• [WHAT THE TASK ASKS]
The entries below should be given again exactly, minus their pictures.

• [DATA FOR THIS EXERCISE]
··········

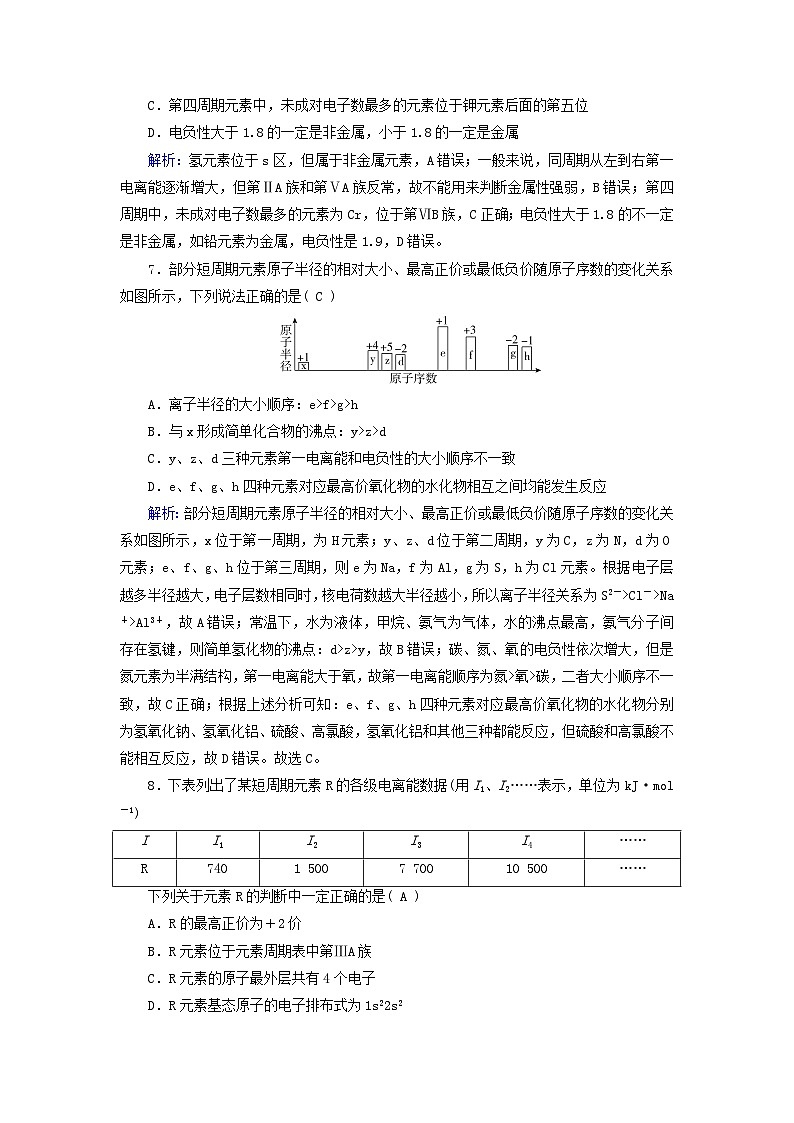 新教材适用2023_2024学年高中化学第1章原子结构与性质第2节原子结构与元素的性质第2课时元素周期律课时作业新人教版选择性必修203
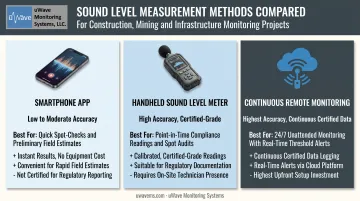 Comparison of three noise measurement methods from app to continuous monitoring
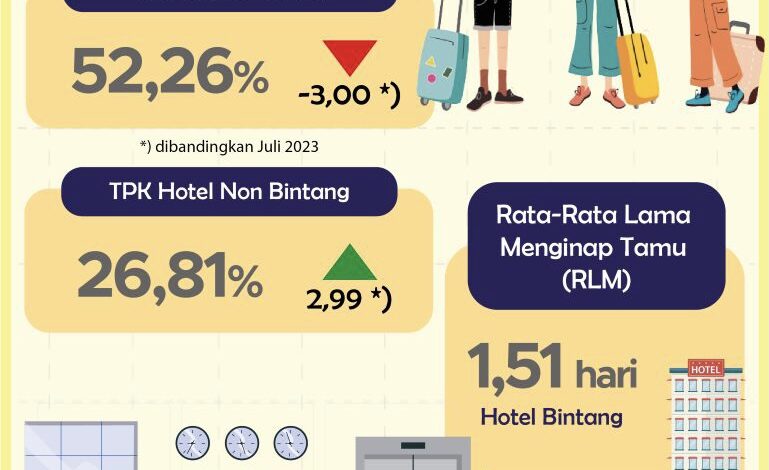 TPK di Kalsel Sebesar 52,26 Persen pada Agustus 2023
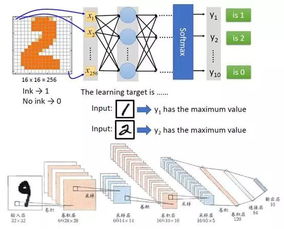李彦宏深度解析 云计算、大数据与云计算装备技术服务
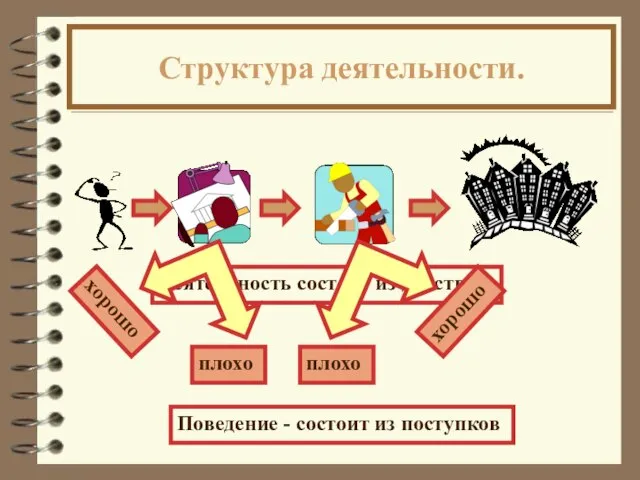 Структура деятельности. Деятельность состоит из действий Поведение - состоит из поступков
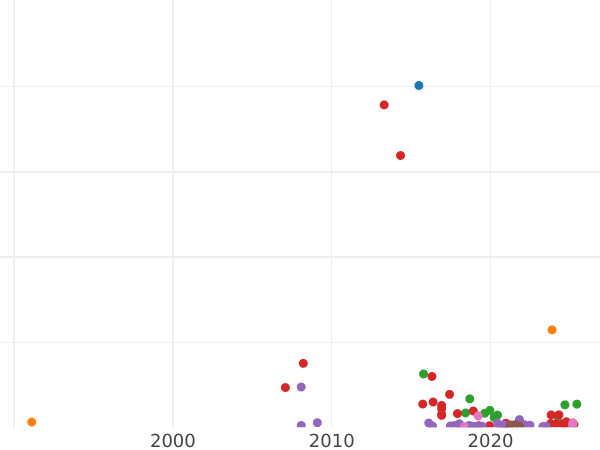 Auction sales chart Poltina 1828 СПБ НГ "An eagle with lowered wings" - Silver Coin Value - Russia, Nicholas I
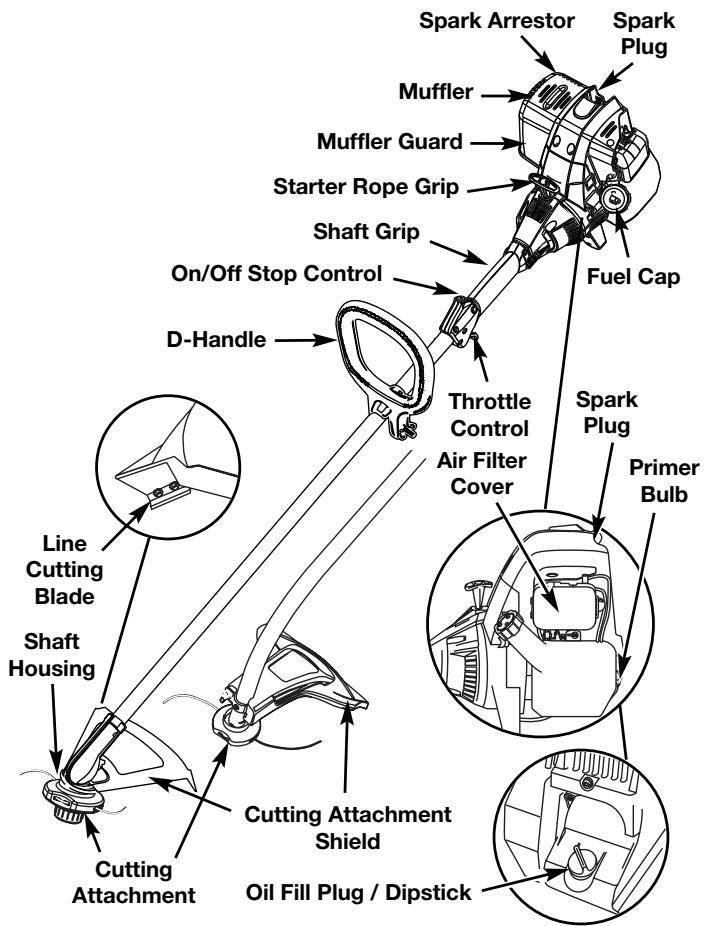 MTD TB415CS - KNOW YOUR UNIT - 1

··········

• [REPLY TO THE TASK]
 新教材适用2023_2024学年高中化学第1章原子结构与性质第2节原子结构与元素的性质第2课时元素周期律课时作业新人教版选择性必修203
 Comparison of three noise measurement methods from app to continuous monitoring
 TPK di Kalsel Sebesar 52,26 Persen pada Agustus 2023
李彦宏深度解析 云计算、大数据与云计算装备技术服务
 Структура деятельности. Деятельность состоит из действий Поведение - состоит из поступков
 Auction sales chart Poltina 1828 СПБ НГ "An eagle with lowered wings" - Silver Coin Value - Russia, Nicholas I
 MTD TB415CS - KNOW YOUR UNIT - 1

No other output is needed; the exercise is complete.